§ **Exercise details**
Give all of the listing again word for word, with images excluded.

§ **Dataset section**
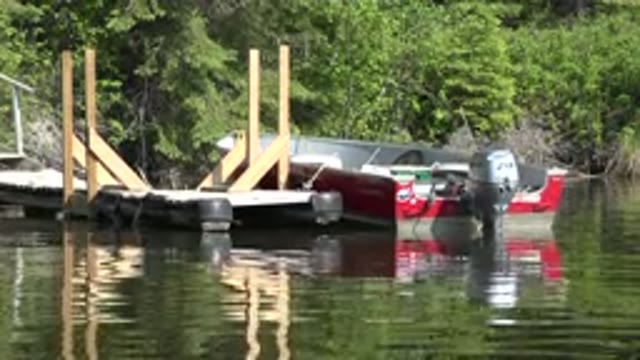 RED LAKE CANADA-2015: Boat On A River Moored To A Dock On A Sunny Day
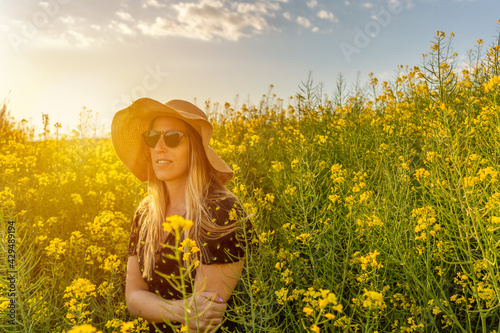 Woman in straw sun hat enjoying spring in yellow flowers field.Summer concept lifestyle female against sunset golden light in nature .
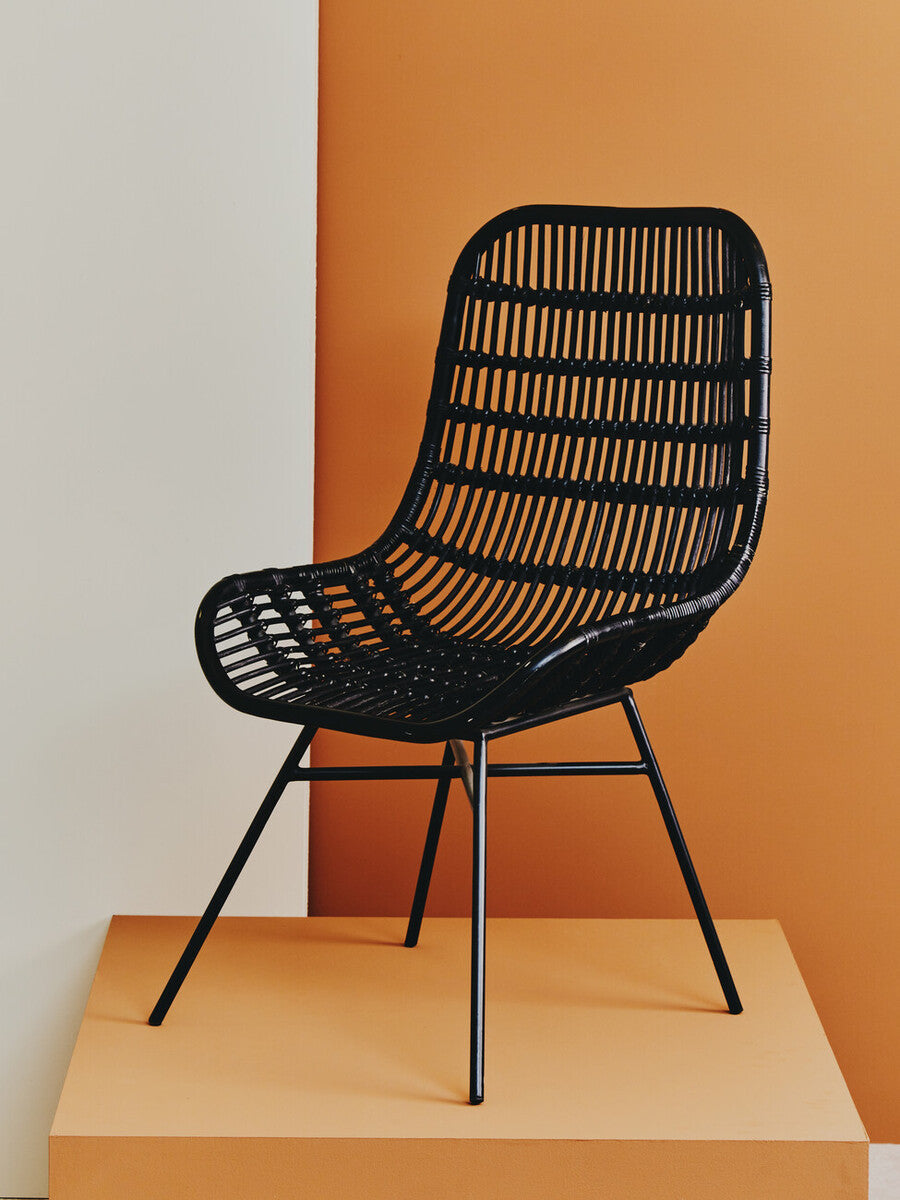 Curved black rattan chair with a natural finish, featuring a slatted design and slender metal legs, displayed against an orange backdrop. The chair has a modern aesthetic, emphasizing comfort and style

§ **Solution for this exercise**
 RED LAKE CANADA-2015: Boat On A River Moored To A Dock On A Sunny Day
 Woman in straw sun hat enjoying spring in yellow flowers field.Summer concept lifestyle female against sunset golden light in nature .
 Curved black rattan chair with a natural finish, featuring a slatted design and slender metal legs, displayed against an orange backdrop. The chair has a modern aesthetic, emphasizing comfort and style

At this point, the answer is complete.